Unihan DB / kKarlgren / kFrequency.

From: Pierpaolo BERNARDI (bernardp@cli.di.unipi.it)
Date: Sun Feb 23 2003 - 10:50:32 EST

    In the Unihan-3.2.0.txt file the field kKarlgren is described as:

    # The index of this character in _Analytic Dictionary of Chinese and
    # Sino-Japanese_ by Bernhard Karlgren, New York: Dover Publications,
    # Inc., 1974.
    # If the index is followed by an asterisk (*), then the index is an
    # interpolated one, indicating where the character would be found
    # if it were to have been included in the dictionary.

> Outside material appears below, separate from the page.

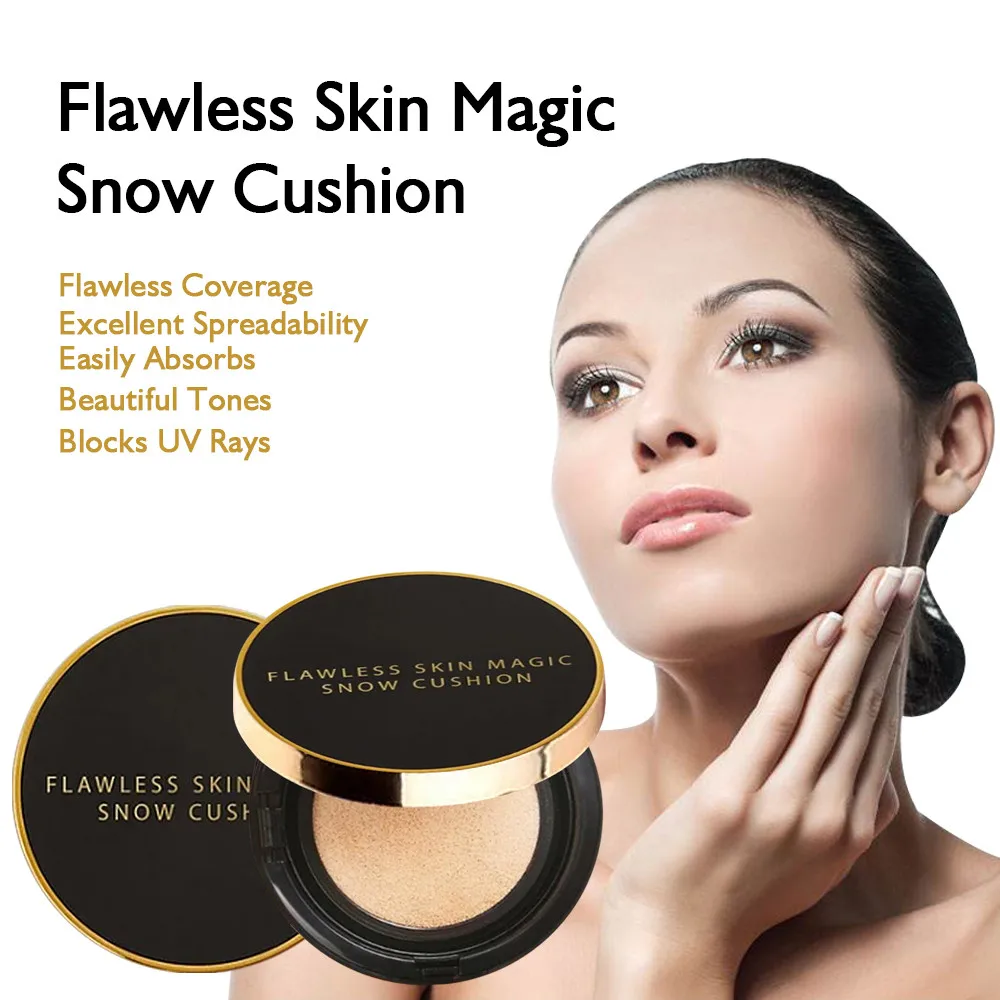 Sunscreen Air Cushion BB CC Cream Concealer Moisturizing Foundation Makeup Bare Whitening Face Cream Korean Cosmetics#b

    However, in the file there are the following records:

    U+5374 kKarlgren 506A
    U+630C kKarlgren 411A
    U+811A kKarlgren 506A
    U+8173 kKarlgren 506A
    U+993C kKarlgren 333A-

    So, either the description of the field is incomplete, or the data
    is incorrect.

    The field kFrequency is described as:

    # A rough fequency [sic] measurement for the character based
    # on analysis of Chinese USENET postings

    without further explanation. The field contains one of 1,2,3,4,5.
    I'd like to know what's, roughly, the meaning of these numbers.